Asian demand growth has never been more important for the LNG market.  Two credible scenarios bound the range of likely outcomes:

  1. High demand – where demand growth broadly keeps pace with currently contracted supply
  2. Low demand – where a significant surplus of LNG emerges vs contracted positions by 2020.

In either scenario the LNG market needs substantial volumes of new supply in the first half of next decade.  But it is the pace of Asian demand growth that will determine whether new LNG will be required by 2020-21 or 2023-24.

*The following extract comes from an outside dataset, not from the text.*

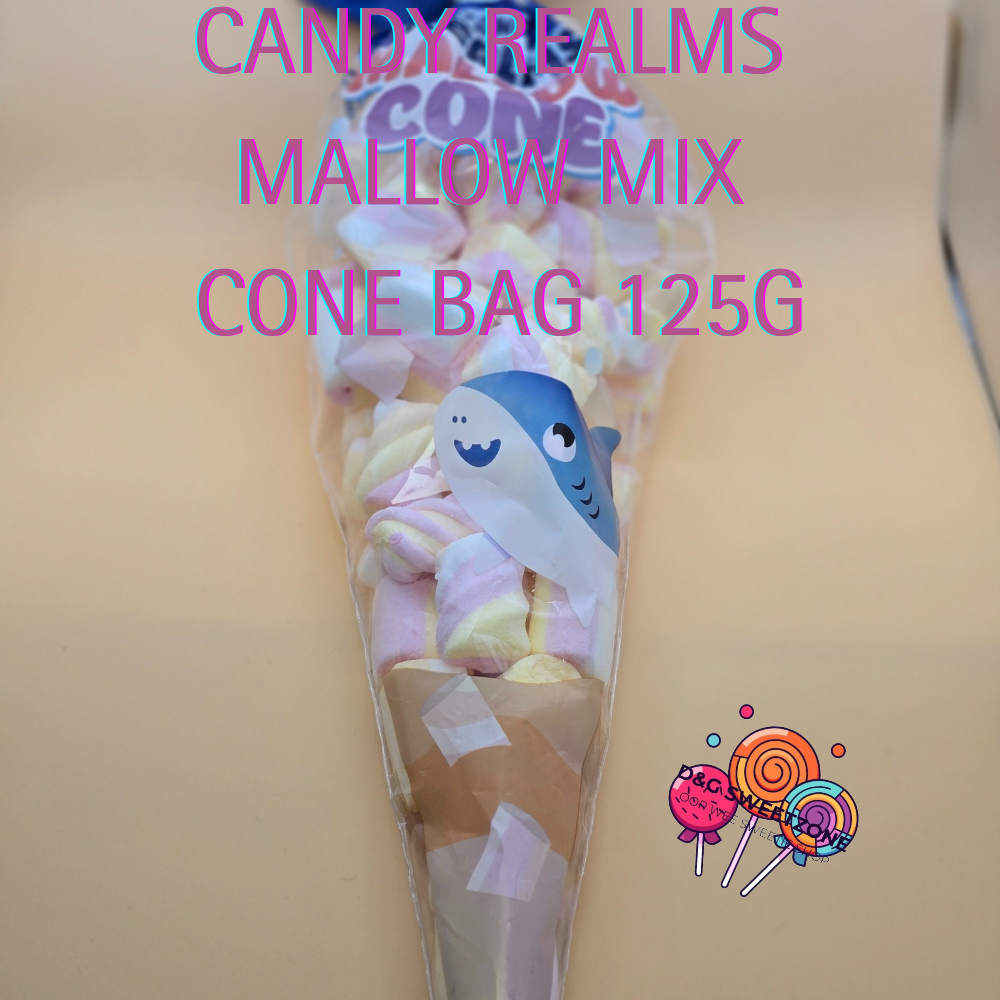 Candy Realms Mallow Mix Cone Bag 125g – A colourful mix of soft vanilla-flavoured marshmallows in a fun cone-shaped bag.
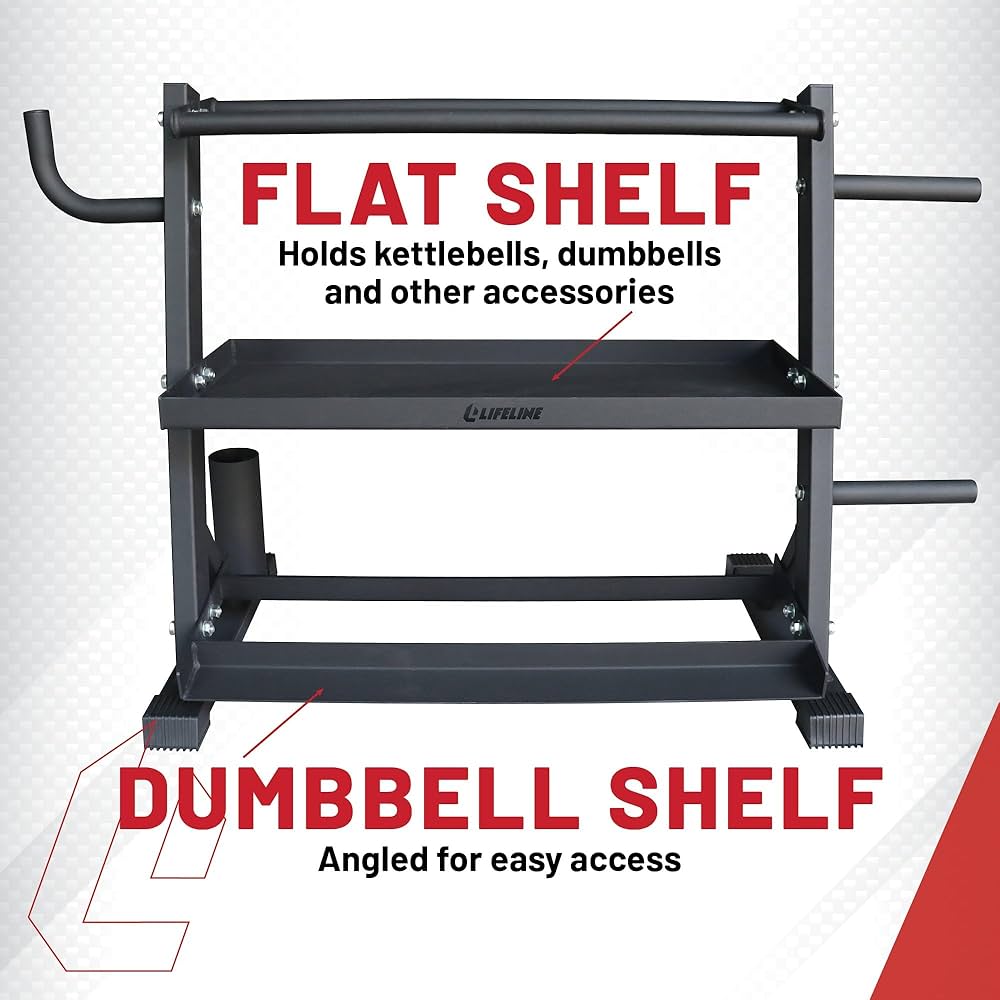 Lifeline Fitness Home Gym 3-Shelf Dumbbell and Kettlebell Storage Rack with Rope and Band Hook – Holds up to 440 LBS – Robust Gym Equipment Storage Solution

This timing is key given a hiatus in new liquefaction project FIDs and 4 to 5 year lead times to bring new supply to market. To date there has been limited willingness by either producers or buyers to invest or contract in anticipation of a high demand scenario.

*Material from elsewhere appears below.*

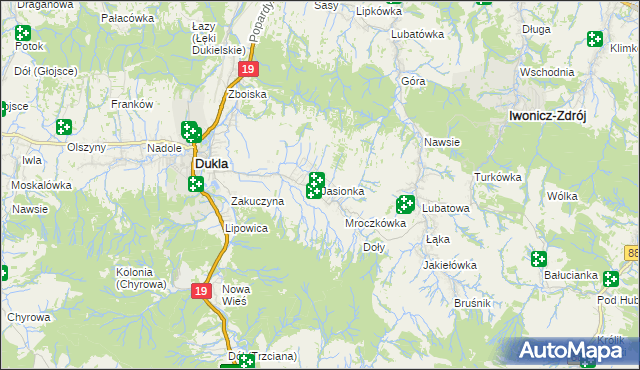 mapa Jasionka gmina Dukla, Jasionka gmina Dukla na mapie Targeo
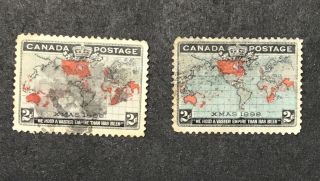 1898 Canada Sc 85 - 86 F Christmas 1898: Map Of British Empire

In the meantime, Asian portfolio positions are helping to drive a rapid evolution in the way LNG is contracted.  Over contracted buyers are selling surplus volumes (e.g. Japanese utilities).  Under contracted buyers are purchasing spot cargoes (e.g. China).

This is supporting a transition to shorter term LNG contracting and hub-linked pricing. It is also eroding the dominance of long term oil-indexed supply contracts.

The ‘Big 5’ Asian buyers

The top 5 buyers (Japan, Korea, Taiwan, China & India) make up more than 90% of Asian LNG demand (173 mtpa in 2016).  Growth dynamics across smaller buyers (Thailand, Malaysia, Indonesia, Singapore & Pakistan) are strong, but these countries currently only account for 13 mtpa of demand.

Chart 1 shows the historical and projected net long term contracted position of the Big 5.  2017 has seen strong demand growth (12% vs 2016), driven particularly by China. This has been consistent with a high Asian demand growth scenario.

If growth were to continue on this trajectory then the net over-contracting of Asian LNG portfolios is likely to be limited. A low demand scenario could see a more than 20 mtpa surplus evolve over the next three years, much of which may be sold at European hubs.

Chart 1: Big 5 Asian net contracted LNG position vs demand

Source: Timera Energy.

Note: Charts show future contract volumes as signed on an ACQ volume basis. In practice there may be some flexibility for buyers and sellers to negotiate lower contract volume take, particularly over summer periods.  

All eyes on China

China is the key driver of Asian demand growth uncertainty. There is a credible range of 25 mtpa between low and high Chinese demand paths by the beginning of next decade, as shown in Chart 2.

Chart 2: China’s contracted LNG position vs demand

Source: Timera Energy

2017 has been a strong growth year for Chinese demand, consistent with the high demand scenario.  This has seen Chinese buyers actively sourcing spot cargoes this year. But that does not necessarily mean a further 3 years of growth at this pace to follow.

Persistently high coal prices have helped support Chinese LNG demand this year.  2017 has also been important in the Chinese political cycle, given the lead up to the 19th National Congress which saw Xi Jinping consolidate his power. There has been a strong associated incentive for the incumbent Chinese leadership to support economic growth.

Looking forward, the pace of Chinese economic growth remains a key factor.  But LNG demand is also set to be influenced by a combination of coal price levels, pipeline volume take, responsiveness to prevailing LNG spot prices and a pollution driven policy shift towards gas.

Japanese positions key to LNG contracting innovation

Beneath the net position of the big 5 buyers, there are some more substantial contractual imbalances in Japan and South Korea. Chart 2 illustrates this issue, with Japan facing a 15-20 mtpa contract surplus by 2019.

Chart 3: Japan’s contracted LNG position vs demand

Source: Timera Energy

The surplus of contracted LNG in Japan and Korea is driving a rapid commercial evolution amongst utilities. Buyers are trying to negotiate increased flexibility in legacy supply contracts e.g. allowing cargo resales and relaxing destination clauses.

But Japanese & Korean buyers are also increasing their focus on short to medium term contracts to manage LNG portfolio exposures.  This is evident in the current push by Japanese utilities to expand their LNG trading & optimisation capabilities to manage:

  1. Over-contracted positions, with surplus LNG being priced against European hubs
  2. The ramp up in flexible hub-indexed US export contract volumes, with forward exposures that are managed against US and European hub prices.

LNG market liquidity is also being boosted by rapid growth in the role of commodity trader intermediaries (e.g. Gunvor, Vitol, Trafigura & Glencore). These players are injecting innovation and expertise developed in oil and other commodity markets.

This evolution of the LNG contract market is driving a virtuous cycle which is acting to increase the influence of hub price signals.  It is also seeing Asian portfolios shifting their focus to the west, in order to access liquid US & European hubs to manage portfolio exposures.